§ TASK REQUIREMENTS: Restate word for word the lines below from the one that has "Softstyle™ midweight women’s" through the one that has "Toyota Corolla 2022 1.8 122 KM", keeping both and dropping all pictures.
[Opening TASK INPUTS section]
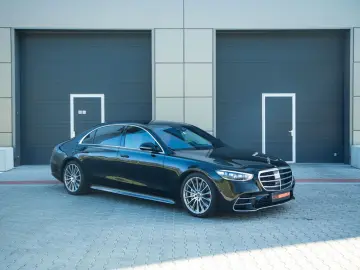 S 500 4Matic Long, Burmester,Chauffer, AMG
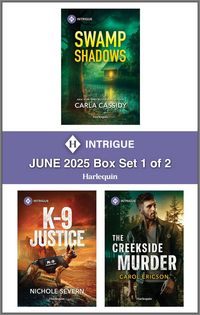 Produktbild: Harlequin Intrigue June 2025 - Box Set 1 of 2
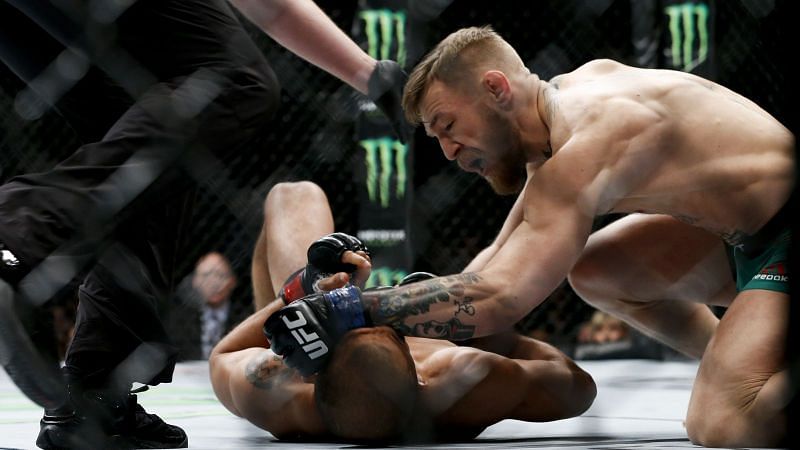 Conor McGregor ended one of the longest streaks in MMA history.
[Closing TASK INPUTS section]
[Opening TASK INPUTS section]
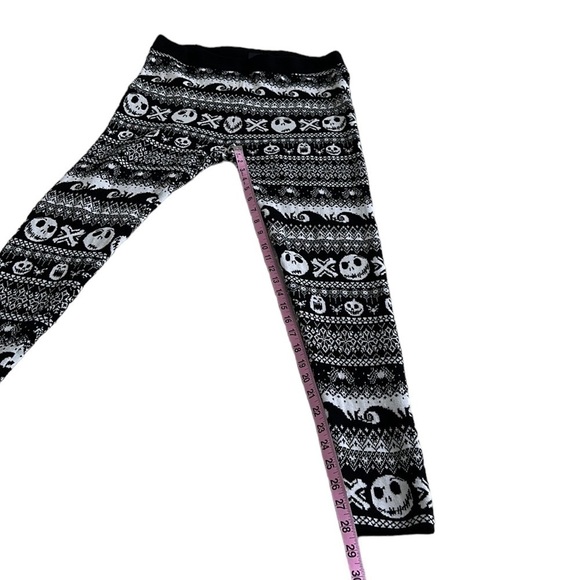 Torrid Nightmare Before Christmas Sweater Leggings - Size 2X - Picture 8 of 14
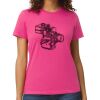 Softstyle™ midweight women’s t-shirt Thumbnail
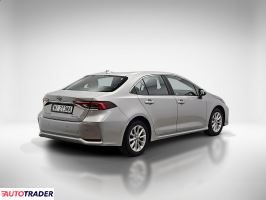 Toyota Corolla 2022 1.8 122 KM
[Closing TASK INPUTS section]
§ YOUR RESPONSE:
 Softstyle™ midweight women’s t-shirt Thumbnail
 Toyota Corolla 2022 1.8 122 KM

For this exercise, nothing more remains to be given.